Plotting backwards has completely changed the way I plan my stories. Of course it’s especially useful since my books are very genre-bound (romantic suspense or mystery), rather than literary, and they almost all tend to involve mysteries that need to be solved. Mysteries are relatively easy to plot if you write them backwards. You start with the dead body and figure out how it got there, who killed it, how they did it, what steps they took prior to the killing in order to hide their plans, and so on. Then you add all the red herrings to surround the truth and throw everyone off the track.

So… well, I don’t know if this is what the OP wanted, but these are two problem solving methods that have helped me.

Google it. Most human problems have been solved (or at least tackled) by somebody else, somewhere.

Begin by finding out what the problem actually is.

Too often I’ve seen people try to solve a problem by basically throwing solutions at it, rather than start by analyzing it. One extreme case I know of was an accounting problem my Dad had in his reválida (think CPA certification exam), which had more than 20 numbers in the explanation… but in the end amounted to “add two of those numbers”. Students who tried to use every available piece of data had a 0, those who actually read the question got 100%.

Another trick I like is: follow the flow. I used this to leak-chase vacuum systems: is the pump working?

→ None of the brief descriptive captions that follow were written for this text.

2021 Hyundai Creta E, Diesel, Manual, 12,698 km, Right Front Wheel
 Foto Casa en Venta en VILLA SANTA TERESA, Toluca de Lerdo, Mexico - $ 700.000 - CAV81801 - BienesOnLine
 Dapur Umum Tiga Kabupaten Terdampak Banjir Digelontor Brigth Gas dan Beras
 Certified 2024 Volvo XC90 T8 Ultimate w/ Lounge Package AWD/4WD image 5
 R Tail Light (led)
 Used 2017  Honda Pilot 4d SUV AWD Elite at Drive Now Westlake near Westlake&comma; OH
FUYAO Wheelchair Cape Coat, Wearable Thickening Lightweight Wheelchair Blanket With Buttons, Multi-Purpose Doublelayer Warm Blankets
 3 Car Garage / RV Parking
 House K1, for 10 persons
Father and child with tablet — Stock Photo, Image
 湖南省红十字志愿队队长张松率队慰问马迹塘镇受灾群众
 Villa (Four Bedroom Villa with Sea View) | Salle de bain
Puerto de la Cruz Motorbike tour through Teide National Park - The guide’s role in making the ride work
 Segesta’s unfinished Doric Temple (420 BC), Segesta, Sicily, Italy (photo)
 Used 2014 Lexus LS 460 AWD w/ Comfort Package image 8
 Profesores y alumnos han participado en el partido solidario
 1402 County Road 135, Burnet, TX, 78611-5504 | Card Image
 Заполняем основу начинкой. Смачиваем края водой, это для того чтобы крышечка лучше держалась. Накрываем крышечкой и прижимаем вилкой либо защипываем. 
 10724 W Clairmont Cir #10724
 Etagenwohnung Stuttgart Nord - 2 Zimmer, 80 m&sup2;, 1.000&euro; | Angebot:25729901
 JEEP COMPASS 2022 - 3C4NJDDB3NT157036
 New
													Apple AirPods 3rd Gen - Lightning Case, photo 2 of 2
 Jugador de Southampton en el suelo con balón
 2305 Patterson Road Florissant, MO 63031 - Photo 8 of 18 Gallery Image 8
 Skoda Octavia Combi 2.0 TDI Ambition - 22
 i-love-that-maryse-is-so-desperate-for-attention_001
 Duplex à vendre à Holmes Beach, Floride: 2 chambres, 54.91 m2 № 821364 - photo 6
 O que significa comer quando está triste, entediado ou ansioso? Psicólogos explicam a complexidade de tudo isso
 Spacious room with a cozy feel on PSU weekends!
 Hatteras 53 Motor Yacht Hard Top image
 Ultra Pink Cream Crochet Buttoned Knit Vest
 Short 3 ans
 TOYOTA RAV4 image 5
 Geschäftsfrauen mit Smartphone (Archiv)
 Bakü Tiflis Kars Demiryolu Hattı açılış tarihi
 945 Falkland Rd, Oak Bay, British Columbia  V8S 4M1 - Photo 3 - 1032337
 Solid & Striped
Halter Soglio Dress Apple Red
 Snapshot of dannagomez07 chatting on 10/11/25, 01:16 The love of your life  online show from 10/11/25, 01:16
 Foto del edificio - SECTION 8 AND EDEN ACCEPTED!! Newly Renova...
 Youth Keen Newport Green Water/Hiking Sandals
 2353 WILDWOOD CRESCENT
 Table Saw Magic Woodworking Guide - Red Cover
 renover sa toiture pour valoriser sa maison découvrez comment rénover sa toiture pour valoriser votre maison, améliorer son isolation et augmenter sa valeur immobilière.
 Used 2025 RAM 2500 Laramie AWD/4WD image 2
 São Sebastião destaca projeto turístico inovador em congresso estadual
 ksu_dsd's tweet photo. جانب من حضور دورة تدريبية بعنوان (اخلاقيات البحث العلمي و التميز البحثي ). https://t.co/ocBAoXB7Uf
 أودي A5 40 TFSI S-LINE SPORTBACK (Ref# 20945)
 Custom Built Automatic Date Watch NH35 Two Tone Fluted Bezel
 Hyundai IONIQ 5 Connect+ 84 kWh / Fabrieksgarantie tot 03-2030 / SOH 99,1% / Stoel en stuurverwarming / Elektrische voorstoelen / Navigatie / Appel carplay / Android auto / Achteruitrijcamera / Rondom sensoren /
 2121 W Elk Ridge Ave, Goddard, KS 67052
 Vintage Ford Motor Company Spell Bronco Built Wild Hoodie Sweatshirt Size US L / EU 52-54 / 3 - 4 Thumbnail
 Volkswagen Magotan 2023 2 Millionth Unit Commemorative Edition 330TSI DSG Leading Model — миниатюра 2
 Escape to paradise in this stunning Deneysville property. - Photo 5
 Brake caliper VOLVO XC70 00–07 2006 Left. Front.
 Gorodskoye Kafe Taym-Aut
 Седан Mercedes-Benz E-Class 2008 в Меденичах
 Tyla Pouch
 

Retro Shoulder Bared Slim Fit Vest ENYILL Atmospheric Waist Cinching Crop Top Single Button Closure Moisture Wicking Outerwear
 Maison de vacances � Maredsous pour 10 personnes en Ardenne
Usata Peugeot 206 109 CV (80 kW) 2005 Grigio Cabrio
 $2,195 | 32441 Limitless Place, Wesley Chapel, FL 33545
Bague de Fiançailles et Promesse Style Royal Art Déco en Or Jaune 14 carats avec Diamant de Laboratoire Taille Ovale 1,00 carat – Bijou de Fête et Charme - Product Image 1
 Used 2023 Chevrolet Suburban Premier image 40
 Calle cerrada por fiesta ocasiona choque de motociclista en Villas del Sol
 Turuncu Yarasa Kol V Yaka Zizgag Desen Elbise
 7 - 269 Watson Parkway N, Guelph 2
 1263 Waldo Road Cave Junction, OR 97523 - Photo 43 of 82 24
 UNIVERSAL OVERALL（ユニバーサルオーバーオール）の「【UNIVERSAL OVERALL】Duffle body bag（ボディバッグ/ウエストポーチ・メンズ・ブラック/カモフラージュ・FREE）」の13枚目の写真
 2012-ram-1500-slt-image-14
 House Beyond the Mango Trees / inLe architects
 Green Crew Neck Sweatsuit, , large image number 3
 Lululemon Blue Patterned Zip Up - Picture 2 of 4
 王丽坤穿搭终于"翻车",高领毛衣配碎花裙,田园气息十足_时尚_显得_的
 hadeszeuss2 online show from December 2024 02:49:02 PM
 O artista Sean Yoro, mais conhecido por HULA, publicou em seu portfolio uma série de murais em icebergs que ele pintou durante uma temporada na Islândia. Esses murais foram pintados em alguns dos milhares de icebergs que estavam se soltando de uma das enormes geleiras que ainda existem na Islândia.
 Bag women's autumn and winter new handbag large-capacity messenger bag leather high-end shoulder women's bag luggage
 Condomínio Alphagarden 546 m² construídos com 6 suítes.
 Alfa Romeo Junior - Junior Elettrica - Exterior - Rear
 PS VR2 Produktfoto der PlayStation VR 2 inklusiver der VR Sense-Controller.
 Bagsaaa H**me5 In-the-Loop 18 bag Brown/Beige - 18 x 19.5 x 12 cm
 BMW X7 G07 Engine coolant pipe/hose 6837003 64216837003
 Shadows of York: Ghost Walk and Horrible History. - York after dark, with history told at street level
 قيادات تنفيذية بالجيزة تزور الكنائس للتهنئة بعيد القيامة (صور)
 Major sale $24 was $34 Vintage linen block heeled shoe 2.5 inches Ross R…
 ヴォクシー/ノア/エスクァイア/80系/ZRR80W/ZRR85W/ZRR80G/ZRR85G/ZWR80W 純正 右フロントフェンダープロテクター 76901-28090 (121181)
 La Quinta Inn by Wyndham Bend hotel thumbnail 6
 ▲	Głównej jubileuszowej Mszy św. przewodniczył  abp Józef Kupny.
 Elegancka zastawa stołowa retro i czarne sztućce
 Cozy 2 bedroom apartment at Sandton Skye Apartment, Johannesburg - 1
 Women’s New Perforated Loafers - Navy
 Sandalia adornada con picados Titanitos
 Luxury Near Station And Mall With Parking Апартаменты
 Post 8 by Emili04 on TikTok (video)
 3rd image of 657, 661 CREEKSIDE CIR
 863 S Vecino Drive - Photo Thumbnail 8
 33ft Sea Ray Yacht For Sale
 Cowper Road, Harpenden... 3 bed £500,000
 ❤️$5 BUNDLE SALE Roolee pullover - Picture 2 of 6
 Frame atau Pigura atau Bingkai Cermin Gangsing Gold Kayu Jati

Prove it. OK, pump’s working, what about the next connector? Prove it. etc. A computer example: Is the computer running the web site up? Is the web server program running? Is the web server sending data? Is the web server’s network connection working? Is the network connection between the server building andd the rest of the Internet working? Etc., down to your computer. You can work that example backwards as well.

Here again you need to know how your system is supposed to work, how the flow of (air, water, data) is supposed to happen, how to test each point, and so on. But this gives you a logical approach to chasing down where the problem(s) lie.

Or as Deep Trhoat sai “Follow the money”.

I’m assuming you know what the problem is.

Breaking the problem down works very well except when it doesn’t. Doing this assumes you know how to solve the problem, but just don’t know the details of how to solve it. Wirth called it stepwise refinement, and is an excellent way of solving programming problems.

But getting the top level right is often the hard part. I just implemented something which struck me as very complicated - until I came up with a high level technique which let me do the whole thing in about five lines of code thanks to a good data structure. I’m really glad I didn’t proceed dividing up that problem, since my initial solution would have had a lot of pieces.

However the real way I do this is not going to help in AI. It is trusting my subconscious. Damon Knight’s recommendation for dealing with writing problems was exactly this - get all the pieces lined up and then wait for your subconscious to provide the answer. People come up with ideas in the shower since you can’t do anything else. I can’t do that at work - no showers - so I have two better methods. One is reading the Dope. For some reason if I pause, read and post, I’ll have the answer to a small section when I stop. The second is that I keep a journal - in a file - of everything I do, very stream of consciousness. The act of typing a description of a problem and my initial solution leads me both to the right solution and to discovering traps and bugs in my logic before I code. Then I read the Dope, and when I emerge I type a section of code which usually works perfectly the first time.
I don’t know what I’d do if my subconscious was dumb.